Here’s a class diagram showing how a section citation such as “/us/usc/t2/s6316” has a one-to-many relationship with its subsections, but it potentially has a many-to-many relationship with the text found at a citation, when the database stores the location of the text at different dates.

The idea of using tree-structured data required every enacted text passage to be located at a unique citation, but the law as codified isn’t quite so simple. The “continuation” XML elements contain statutory text, but they typically aren’t given identifiers. I chose to label them with the identifier of the provision immediately above, followed by “-con”. There are also a surprising number of places in the United States Code where the same identifier is used for multiple provisions in effect at the same time. In that case, I appended “-dup” to the later instance of the same citation, and if there were more than two, I also used “-du0”, “-du1”, and so on. As far as I can tell, that was enough to keep provisions from being overwritten in the database.

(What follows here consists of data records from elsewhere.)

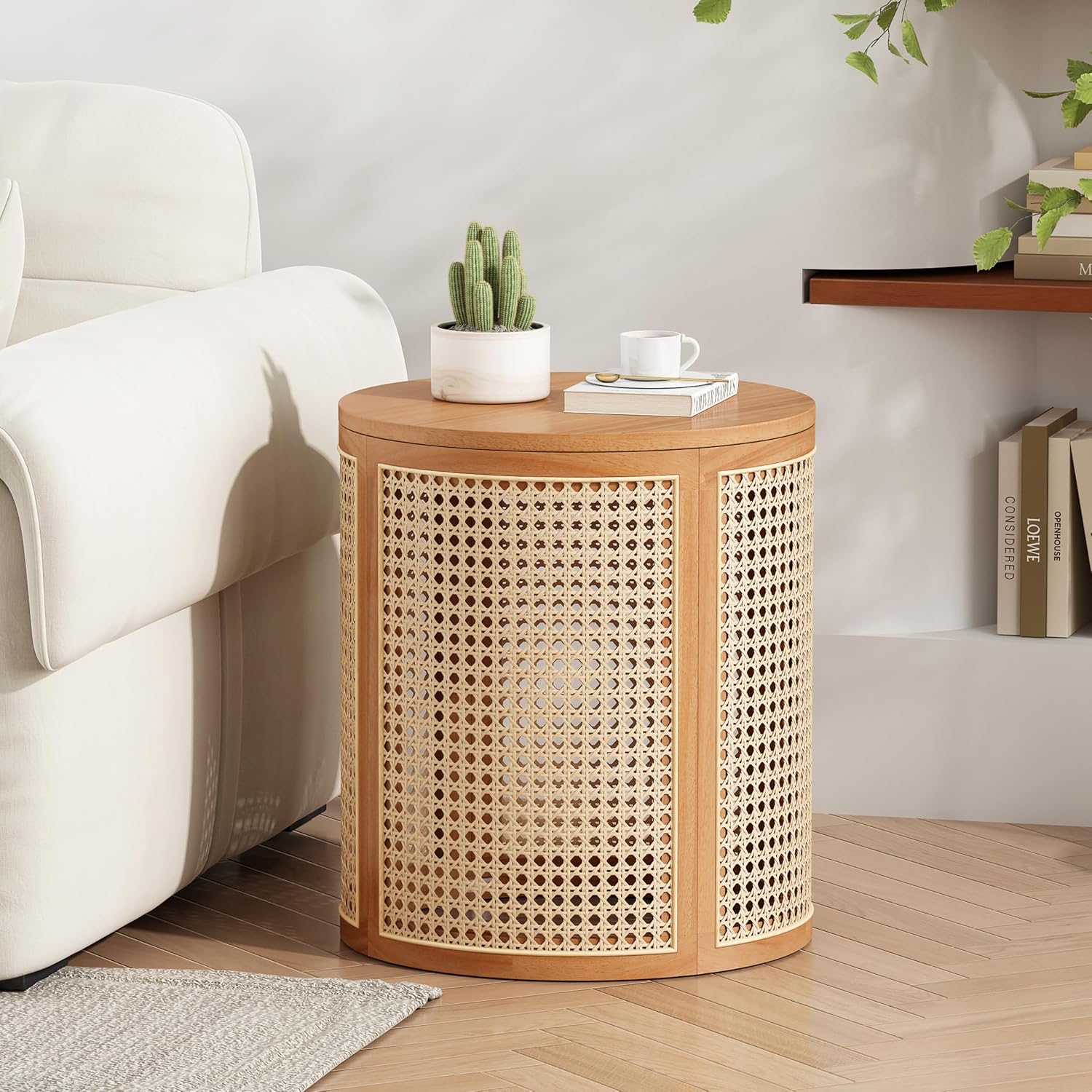 Merax 15.7" Round End Table Artistic Rattan Hollow Woven Accent Side Table, Rubber Wood Nightstand, Chic Home Decor for Living Room Bedroom, Easy Assembly, Natural Color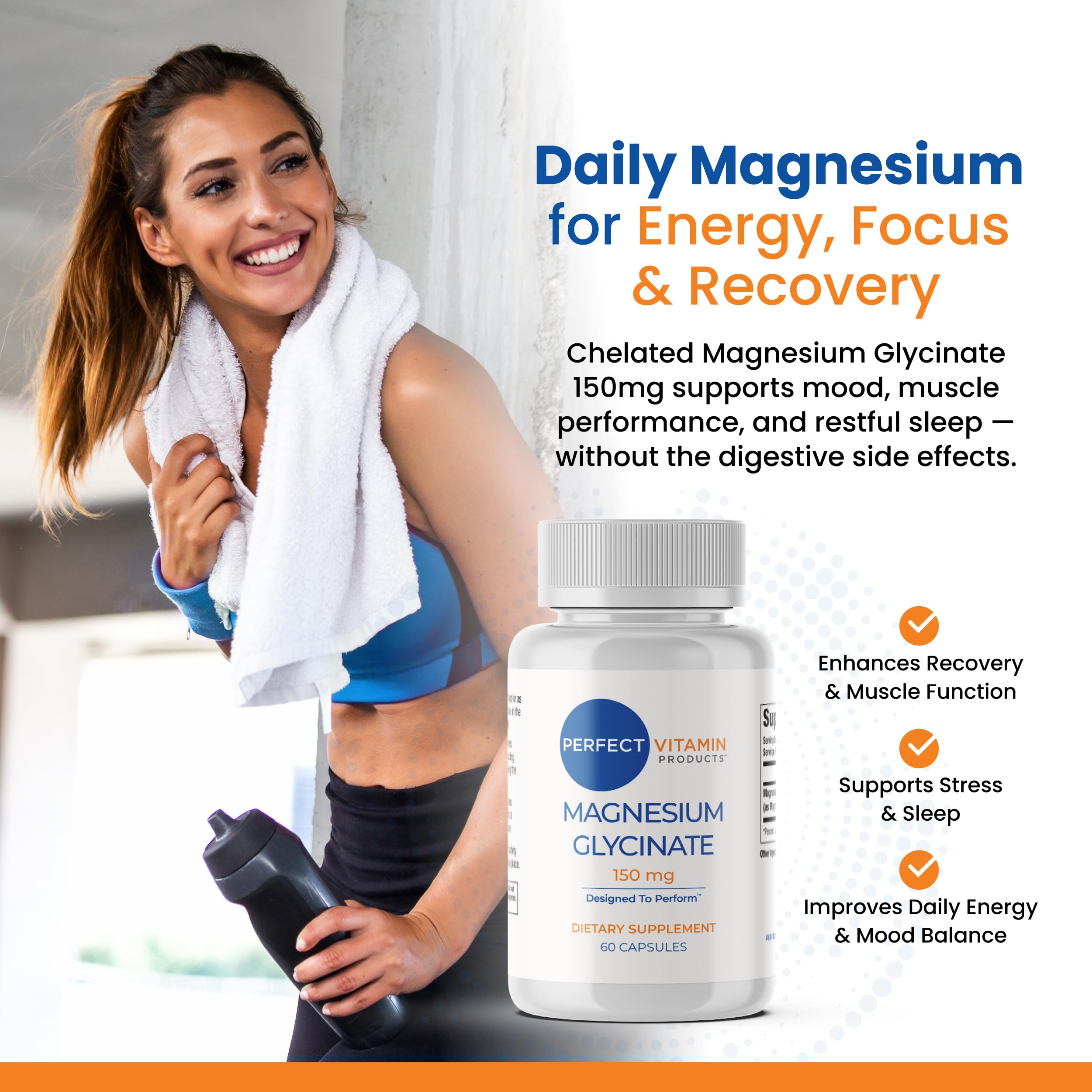 Perfect Vitamin Products Magnesium Glycinate 150mg – Vegan Capsules for Sleep, Stress & Muscle Support – Non-GMO, High Absorption, Gentle on Stomach – (60 Vegan Capsules) Perfect Vitamin Products uk supplements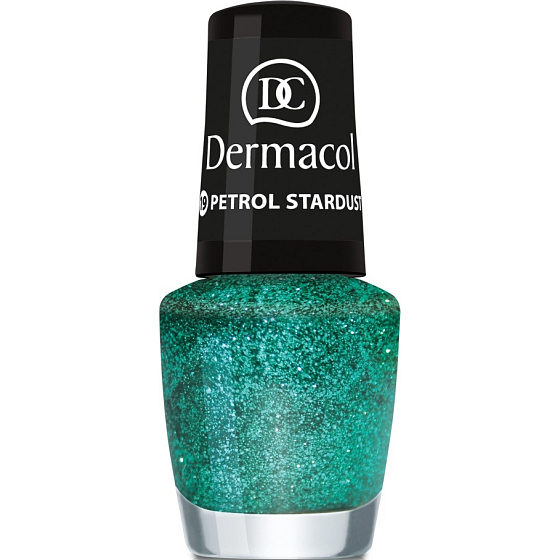 Dermacol Nail Polish with Effect Glitter Touch lak na nehty s efektem 19 Petrol Stardust 5 ml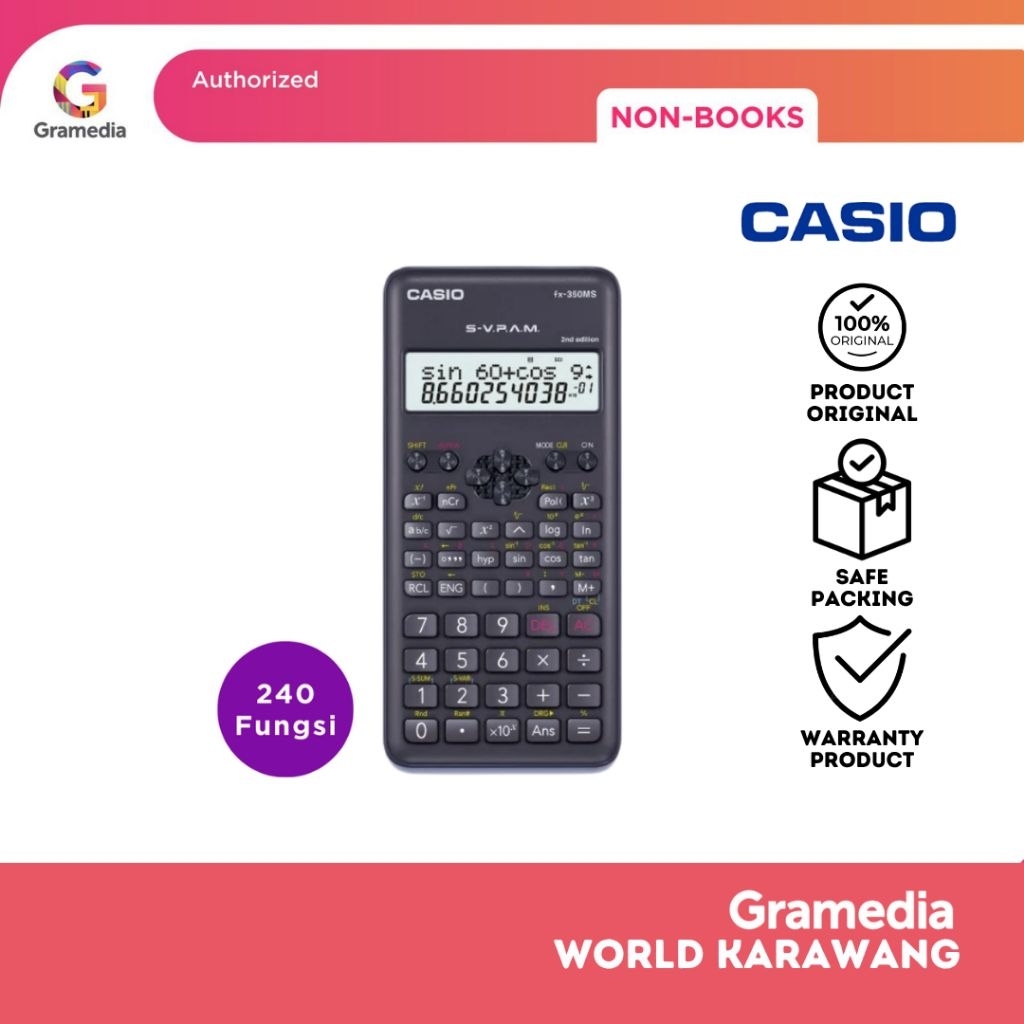 

Gramedia Karawang - CALCULATOR CASIO CAL SCIENTIFIC FX-350MS, 240 FUNGSI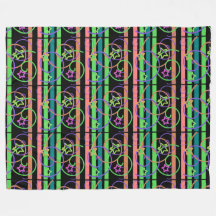 Retro Star Stripe Swirl Fleece Blanket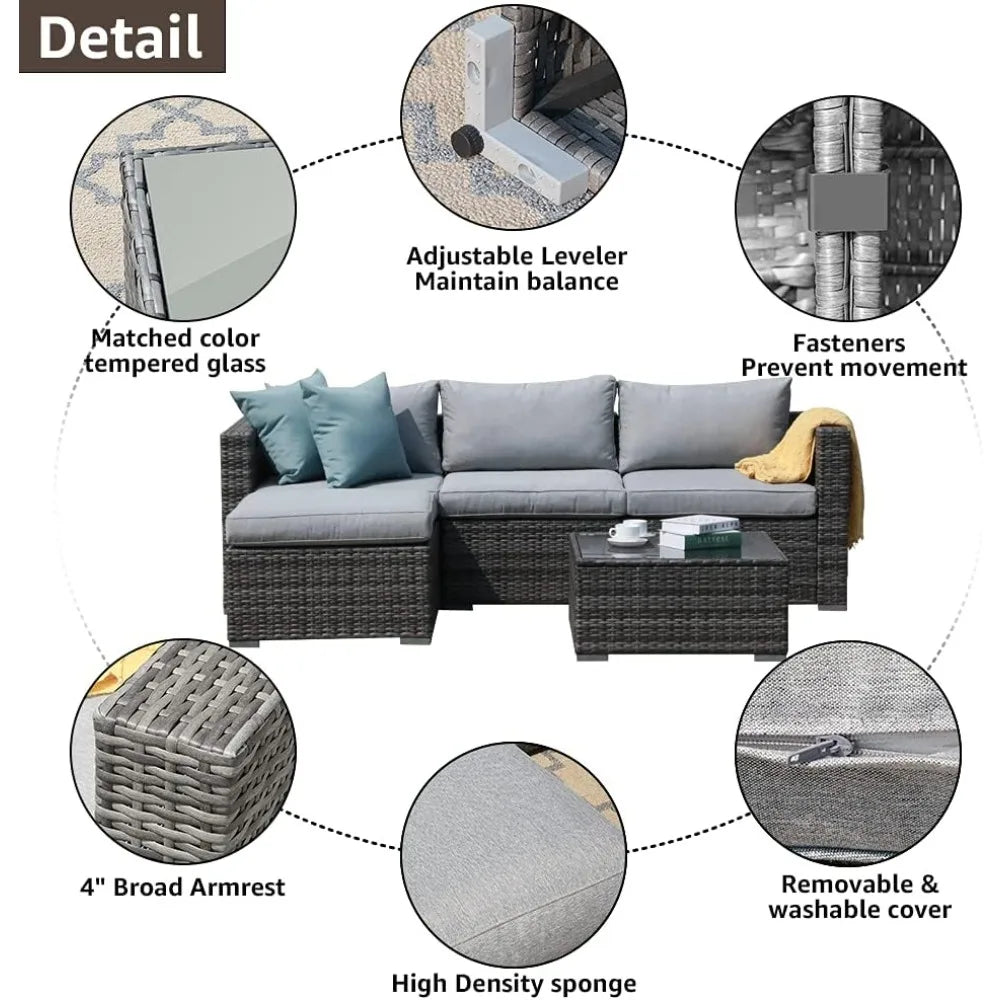 5 Piece Outdoor Patio Furniture Set Sectional Conversation All Weather Cushions Backyard Porch Garden Poolside Balcony Set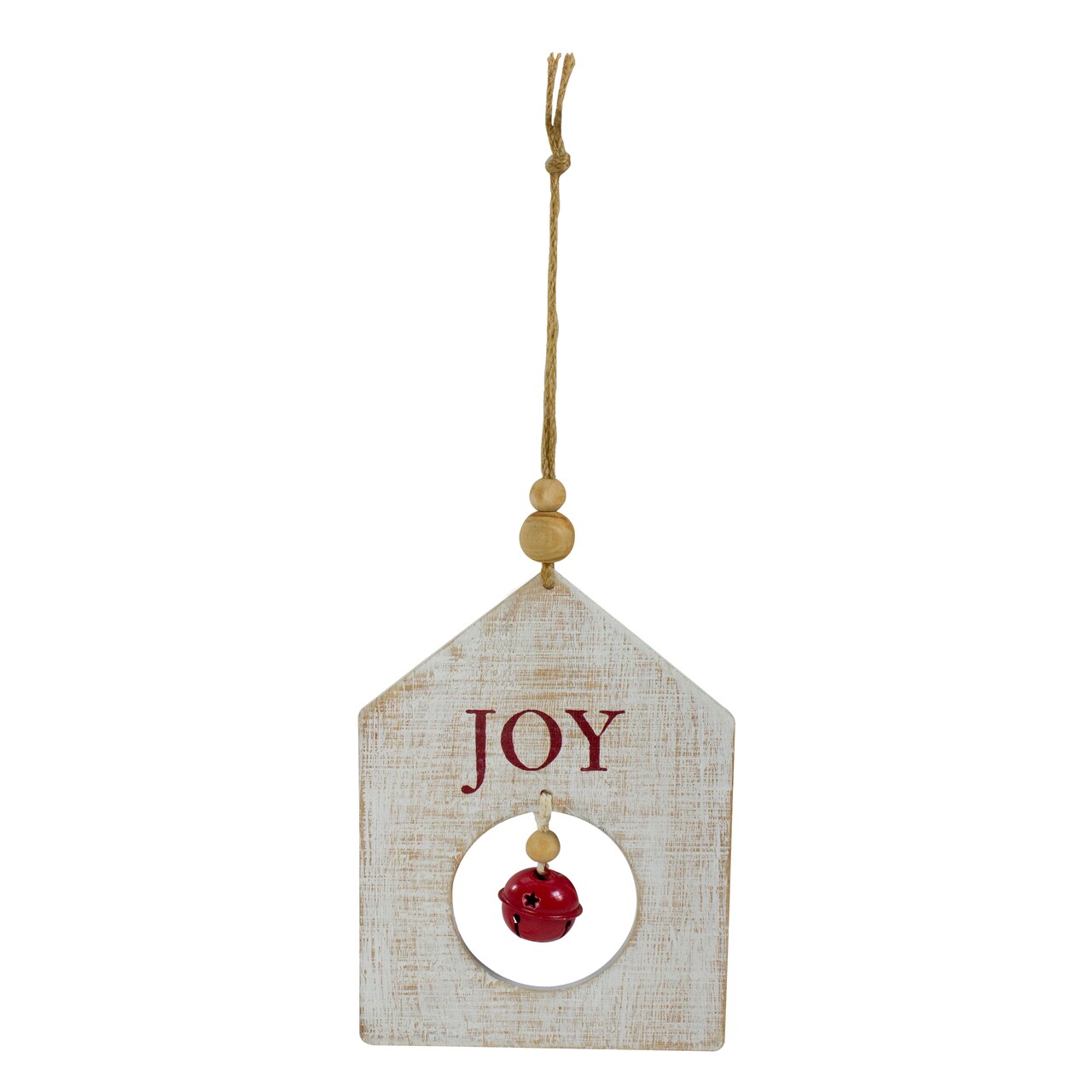 Northlight Rustic Wooden "JOY" with Bell Christmas Tag Ornament - 8" - Red and White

Here’s an example of fetching a provision from the API using the Legislice client (using an API token from the AuthoritySpoke account profile page):

from legislice.download import Client
client = Client(api_token=MY_API_TOKEN)
client.fetch(path="/us/const/amendment/XV")

The resulting JSON response is this:

{
  "heading": "AMENDMENT XV.",
  "content": "",
  "children": [
    {
      "heading": "Suffrage not to be abridged for race, color, etc.",
      "content": "The right of citizens of the United States to vote shall not be denied or abridged by the United States or by any State on account of race, color, or previous condition of servitude.",
      "children": [],
      "end_date": null,
      "node": "/us/const/amendment/XV/1",
      "start_date": "1870-03-30",
      "url": "https://authorityspoke.com/api/v1/us/const/amendment/XV/1/"
    },
    {
      "heading": "Section 2.",
      "content": "The Congress shall have power to enforce this article by appropriate legislation.",
      "children": [],
      "end_date": null,
      "node": "/us/const/amendment/XV/2",
      "start_date": "1870-03-30",
      "url": "https://authorityspoke.com/api/v1/us/const/amendment/XV/2/"
    }
  ],
  "end_date": null,
  "node": "/us/const/amendment/XV",
  "start_date": "1870-03-30",
  "url": "https://authorityspoke.com/api/v1/us/const/amendment/XV/",
  "parent": "https://authorityspoke.com/api/v1/us/const/amendment/"
}

The lingering problem with this API client is that in order to fetch a provision, it requires the user to have access to the provision’s identifier in the format used by the USLM schema and the Office of the Law Revision Counsel. Not many lawyers know that format. The logical solution is to provide a tool that converts conventional citations to the USLM style prior to making the API query. Preferably, this tool would extract the citations automatically from a document of interest to the user, rather than requiring users to retrieve the citations themselves. That’s a subject for another time.